▸ **THE TASK**
From the records below, set down exactly the lines starting with the line that contains "Nabrak Truk, Toyota" and going on through the line that contains "François-Xavier Lalanne, Mouton". Nothing else is wanted.

*** MATERIAL SUPPLIED ***

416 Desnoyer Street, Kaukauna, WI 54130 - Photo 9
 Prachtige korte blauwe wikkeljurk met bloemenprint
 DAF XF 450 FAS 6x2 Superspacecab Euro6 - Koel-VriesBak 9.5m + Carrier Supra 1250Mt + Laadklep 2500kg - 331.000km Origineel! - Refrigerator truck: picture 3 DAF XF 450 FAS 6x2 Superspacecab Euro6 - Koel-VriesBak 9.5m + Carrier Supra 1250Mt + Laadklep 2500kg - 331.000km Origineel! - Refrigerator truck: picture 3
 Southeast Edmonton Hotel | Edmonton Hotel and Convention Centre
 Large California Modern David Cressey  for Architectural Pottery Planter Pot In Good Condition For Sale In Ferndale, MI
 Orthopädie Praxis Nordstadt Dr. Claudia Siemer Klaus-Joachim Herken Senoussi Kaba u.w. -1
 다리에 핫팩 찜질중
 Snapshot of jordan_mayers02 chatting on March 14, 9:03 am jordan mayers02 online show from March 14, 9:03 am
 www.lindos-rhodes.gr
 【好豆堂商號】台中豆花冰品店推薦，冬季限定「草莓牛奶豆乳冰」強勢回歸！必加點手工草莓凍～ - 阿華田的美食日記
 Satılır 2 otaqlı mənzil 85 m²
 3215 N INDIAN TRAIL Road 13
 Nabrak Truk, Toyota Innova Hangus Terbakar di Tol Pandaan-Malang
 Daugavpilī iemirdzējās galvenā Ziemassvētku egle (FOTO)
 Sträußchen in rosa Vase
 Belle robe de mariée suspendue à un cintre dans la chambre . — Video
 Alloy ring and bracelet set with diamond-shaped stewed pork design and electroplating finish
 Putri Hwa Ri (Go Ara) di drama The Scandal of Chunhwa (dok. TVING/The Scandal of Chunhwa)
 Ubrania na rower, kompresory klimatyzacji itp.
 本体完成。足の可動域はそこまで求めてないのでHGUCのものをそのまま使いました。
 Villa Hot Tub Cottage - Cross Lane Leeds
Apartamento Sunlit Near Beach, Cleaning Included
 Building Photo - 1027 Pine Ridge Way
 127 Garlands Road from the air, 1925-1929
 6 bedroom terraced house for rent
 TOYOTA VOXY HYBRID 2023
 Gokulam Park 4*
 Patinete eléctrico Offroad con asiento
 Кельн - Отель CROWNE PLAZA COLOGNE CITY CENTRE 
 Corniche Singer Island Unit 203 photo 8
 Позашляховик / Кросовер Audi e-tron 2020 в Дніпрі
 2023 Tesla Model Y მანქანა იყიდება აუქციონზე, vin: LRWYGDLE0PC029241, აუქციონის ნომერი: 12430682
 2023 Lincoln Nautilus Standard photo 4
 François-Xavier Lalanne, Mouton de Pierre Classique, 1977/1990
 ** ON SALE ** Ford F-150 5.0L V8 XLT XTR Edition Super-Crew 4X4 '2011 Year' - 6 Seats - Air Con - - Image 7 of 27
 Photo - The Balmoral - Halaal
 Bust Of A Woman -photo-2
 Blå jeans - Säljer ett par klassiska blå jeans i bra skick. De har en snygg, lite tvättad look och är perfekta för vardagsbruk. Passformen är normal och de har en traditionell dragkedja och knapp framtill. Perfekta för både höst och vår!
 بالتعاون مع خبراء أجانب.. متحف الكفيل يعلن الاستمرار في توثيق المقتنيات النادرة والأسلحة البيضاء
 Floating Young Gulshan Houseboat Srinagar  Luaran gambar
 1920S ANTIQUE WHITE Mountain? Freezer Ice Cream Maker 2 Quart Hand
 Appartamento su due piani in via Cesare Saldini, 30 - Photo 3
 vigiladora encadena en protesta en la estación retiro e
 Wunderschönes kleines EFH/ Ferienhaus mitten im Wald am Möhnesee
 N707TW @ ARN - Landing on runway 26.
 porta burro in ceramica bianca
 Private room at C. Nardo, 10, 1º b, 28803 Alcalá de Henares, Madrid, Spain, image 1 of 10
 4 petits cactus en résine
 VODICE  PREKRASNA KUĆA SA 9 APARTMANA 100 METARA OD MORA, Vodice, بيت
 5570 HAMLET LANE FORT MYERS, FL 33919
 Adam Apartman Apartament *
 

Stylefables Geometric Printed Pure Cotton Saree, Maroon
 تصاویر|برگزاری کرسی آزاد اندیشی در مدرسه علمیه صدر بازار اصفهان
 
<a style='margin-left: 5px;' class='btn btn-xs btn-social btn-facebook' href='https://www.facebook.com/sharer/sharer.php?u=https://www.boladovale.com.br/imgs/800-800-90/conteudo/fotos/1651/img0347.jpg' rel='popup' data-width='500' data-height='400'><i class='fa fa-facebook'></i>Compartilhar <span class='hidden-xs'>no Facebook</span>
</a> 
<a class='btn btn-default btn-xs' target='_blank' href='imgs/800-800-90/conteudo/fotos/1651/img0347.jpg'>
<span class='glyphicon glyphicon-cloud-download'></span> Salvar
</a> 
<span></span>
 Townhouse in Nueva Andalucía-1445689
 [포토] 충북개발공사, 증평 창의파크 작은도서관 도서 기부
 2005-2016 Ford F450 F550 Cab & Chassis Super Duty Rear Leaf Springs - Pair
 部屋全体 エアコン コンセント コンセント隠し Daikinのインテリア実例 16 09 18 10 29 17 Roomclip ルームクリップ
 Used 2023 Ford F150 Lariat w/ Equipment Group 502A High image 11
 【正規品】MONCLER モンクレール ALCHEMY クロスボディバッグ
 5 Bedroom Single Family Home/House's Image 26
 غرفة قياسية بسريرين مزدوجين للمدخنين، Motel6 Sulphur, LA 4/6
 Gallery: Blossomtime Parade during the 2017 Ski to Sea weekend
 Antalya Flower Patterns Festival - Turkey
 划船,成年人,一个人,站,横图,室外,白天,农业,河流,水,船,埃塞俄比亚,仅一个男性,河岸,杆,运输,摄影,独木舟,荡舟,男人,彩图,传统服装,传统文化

*** End of MATERIAL SUPPLIED ***

▸ **ANSWER TO THIS TASK**
 Nabrak Truk, Toyota Innova Hangus Terbakar di Tol Pandaan-Malang
 Daugavpilī iemirdzējās galvenā Ziemassvētku egle (FOTO)
 Sträußchen in rosa Vase
 Belle robe de mariée suspendue à un cintre dans la chambre . — Video
 Alloy ring and bracelet set with diamond-shaped stewed pork design and electroplating finish
 Putri Hwa Ri (Go Ara) di drama The Scandal of Chunhwa (dok. TVING/The Scandal of Chunhwa)
 Ubrania na rower, kompresory klimatyzacji itp.
 本体完成。足の可動域はそこまで求めてないのでHGUCのものをそのまま使いました。
 Villa Hot Tub Cottage - Cross Lane Leeds
Apartamento Sunlit Near Beach, Cleaning Included
 Building Photo - 1027 Pine Ridge Way
 127 Garlands Road from the air, 1925-1929
 6 bedroom terraced house for rent
 TOYOTA VOXY HYBRID 2023
 Gokulam Park 4*
 Patinete eléctrico Offroad con asiento
 Кельн - Отель CROWNE PLAZA COLOGNE CITY CENTRE 
 Corniche Singer Island Unit 203 photo 8
 Позашляховик / Кросовер Audi e-tron 2020 в Дніпрі
 2023 Tesla Model Y მანქანა იყიდება აუქციონზე, vin: LRWYGDLE0PC029241, აუქციონის ნომერი: 12430682
 2023 Lincoln Nautilus Standard photo 4
 François-Xavier Lalanne, Mouton de Pierre Classique, 1977/1990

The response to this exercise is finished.